EXERCISE DIRECTIONS:
Would you transcribe the entries below, beginning at the line with "Professional Cordless Electric" and ending after the line with "This neck knife", exactly, with no picture and nothing more?

:::

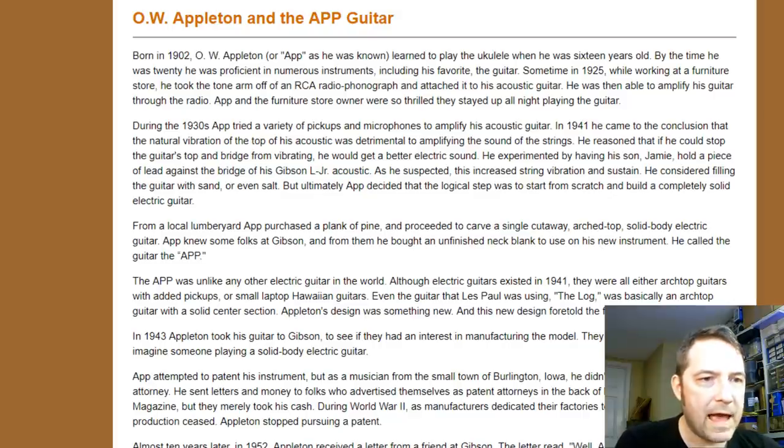During the 30s, Appleton tried a variety of pickups and microphones to amplify his acoustic guitar. And in 1941, he came to the conclusion that the natural vibration of the top of his acoustic was detrimental to amplifying the sound of the strings. He may have gotten this idea from all of the electric guitars produced in the mid to late 1930s, particularly a lot of the Hawaiian steel guitars that featured square necks and were basically just a plank of wood.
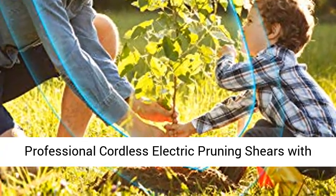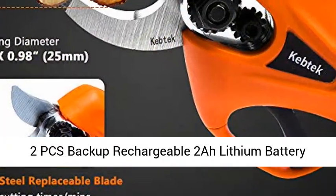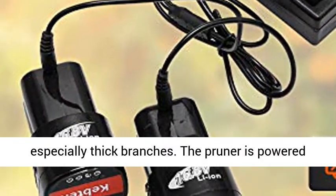Professional Cordless Electric Pruning Shears with 2 PCS backup rechargeable lithium battery powered tree branch pruner. This pruner is designed to solve cutting fruit tree branches, especially thick branches.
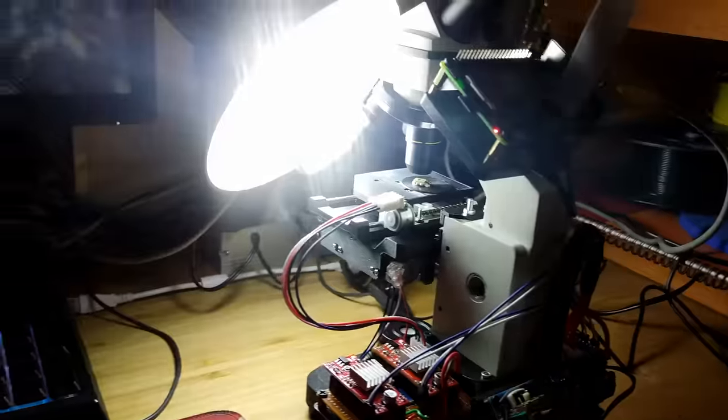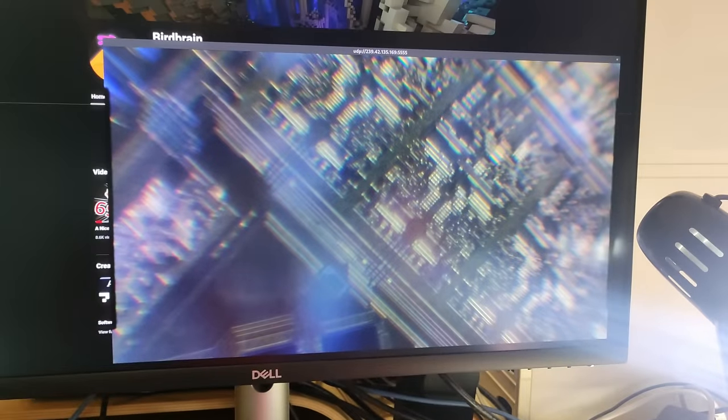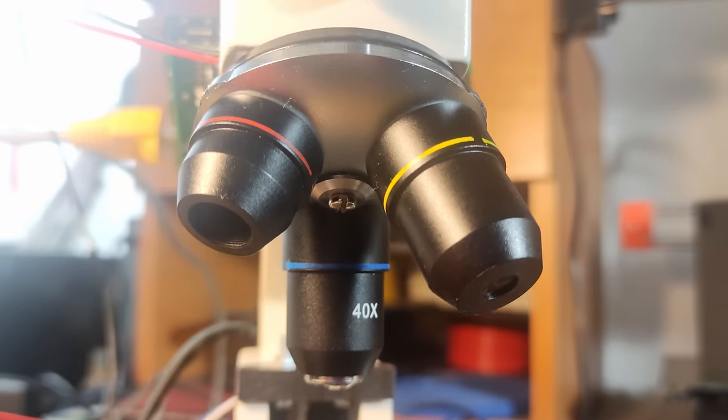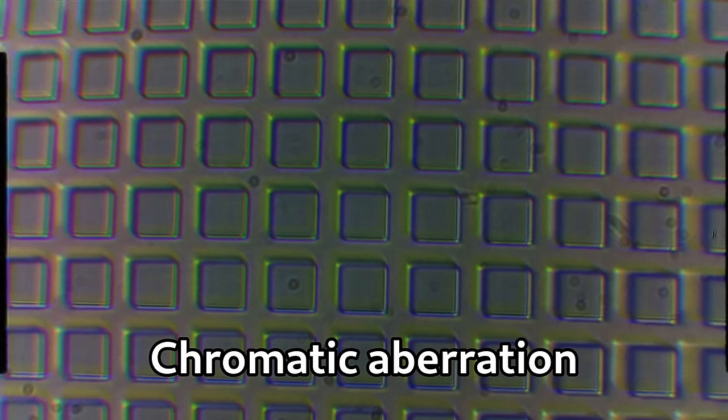The microscope was now functional and I could make the first observations. Unfortunately, I immediately noticed a couple of problems. Firstly, the edges of the image are somewhat radially blurred — that's due to the poor objective quality and there's nothing I can really do about it. However, there are also these colors in places where they should not be. This effect is called chromatic aberration, and while the achromatic objectives I have are expected to produce this effect, it should not be quite as strong as it is.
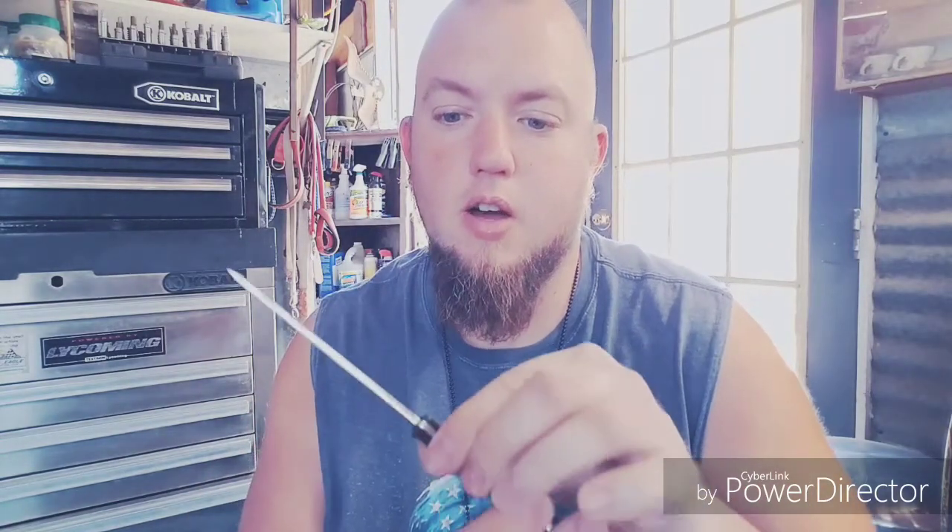This neck knife is a 4116 German stainless steel. What I like about that kind of steel is it is a little bit softer. It may not hold its edge retention for a long time, but it's very easy to sharpen up — and I'm talking about to razor sharp. I use this to open up boxes and stuff, also as a self-defense knife.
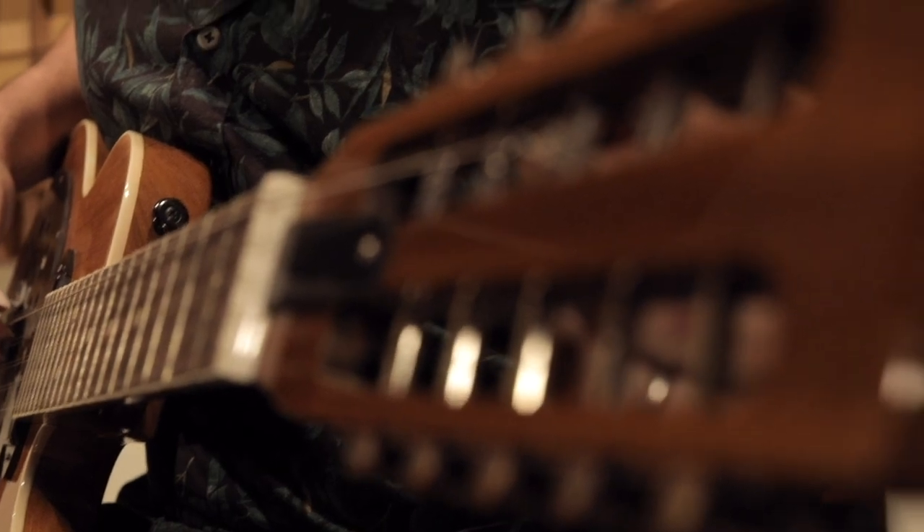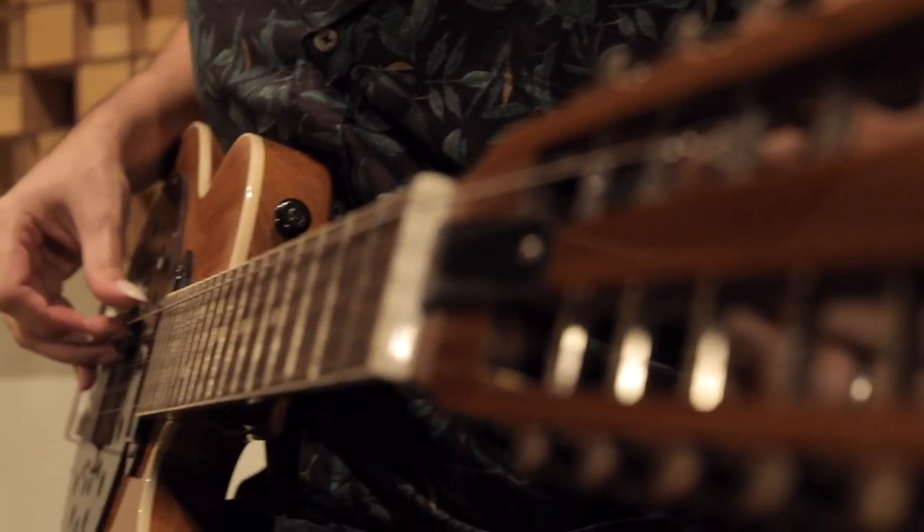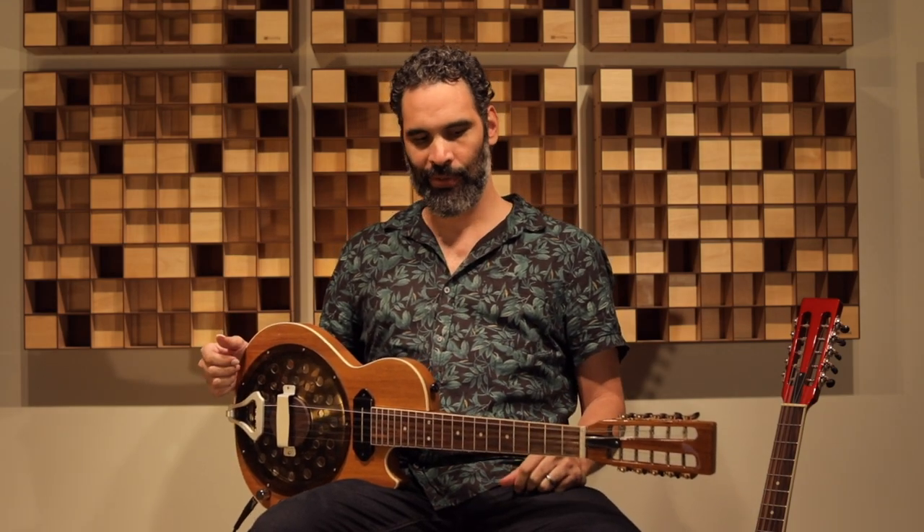A viola eletrodinâmica é uma idealização minha a partir de instrumentos que já existem, como a viola dinâmica criada pelo Odell Vecchio, daqui de São Paulo, na década de 30 ou 40, as guitarras elétricas que existem no mundo todo e instrumentos híbridos que juntam a captação da guitarra elétrica com o sistema ressonador, como é chamado nos Estados Unidos, e agora com o sistema dinâmico.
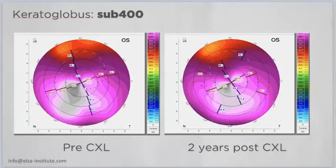We have two cases that were documented as progressive before — by 5, 6, or 7 diopters. With a two-year follow-up, we do not see progression anymore.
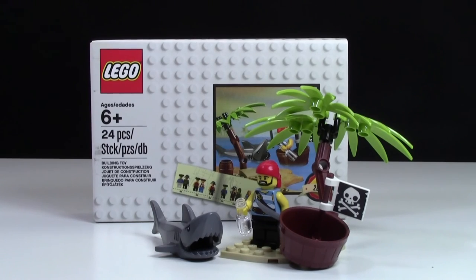Thanks so much for watching my review of this 2015 LEGO System set. This is a pretty neat set, and I'm really glad that I got it this Christmas. If you want to see my Christmas haul, you can check the cards now.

:::

YOUR RESPONSE:
Professional Cordless Electric Pruning Shears with 2 PCS backup rechargeable lithium battery powered tree branch pruner. This pruner is designed to solve cutting fruit tree branches, especially thick branches.
The microscope was now functional and I could make the first observations. Unfortunately, I immediately noticed a couple of problems. Firstly, the edges of the image are somewhat radially blurred — that's due to the poor objective quality and there's nothing I can really do about it. However, there are also these colors in places where they should not be. This effect is called chromatic aberration, and while the achromatic objectives I have are expected to produce this effect, it should not be quite as strong as it is.
This neck knife is a 4116 German stainless steel. What I like about that kind of steel is it is a little bit softer. It may not hold its edge retention for a long time, but it's very easy to sharpen up — and I'm talking about to razor sharp. I use this to open up boxes and stuff, also as a self-defense knife.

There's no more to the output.